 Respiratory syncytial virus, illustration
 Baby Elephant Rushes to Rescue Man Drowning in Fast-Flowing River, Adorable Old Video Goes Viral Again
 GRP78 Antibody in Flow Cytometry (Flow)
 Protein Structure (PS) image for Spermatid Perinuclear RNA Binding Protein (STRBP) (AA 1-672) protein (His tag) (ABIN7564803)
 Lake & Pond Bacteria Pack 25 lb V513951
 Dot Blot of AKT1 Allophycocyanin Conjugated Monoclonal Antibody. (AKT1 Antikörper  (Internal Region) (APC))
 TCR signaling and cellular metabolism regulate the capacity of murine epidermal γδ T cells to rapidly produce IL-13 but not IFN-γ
____
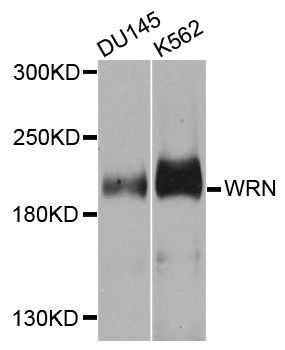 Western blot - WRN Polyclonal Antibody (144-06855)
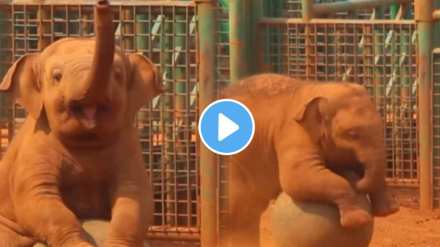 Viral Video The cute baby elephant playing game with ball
____
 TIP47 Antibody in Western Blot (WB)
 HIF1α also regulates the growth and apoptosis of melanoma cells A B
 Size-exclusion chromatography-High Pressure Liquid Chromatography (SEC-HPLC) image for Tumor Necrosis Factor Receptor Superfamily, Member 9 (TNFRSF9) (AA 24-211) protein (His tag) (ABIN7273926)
____
- TASK DIRECTIONS -
Give the number of lines in the data that contain "cells", with no other words.

- REPLY -
2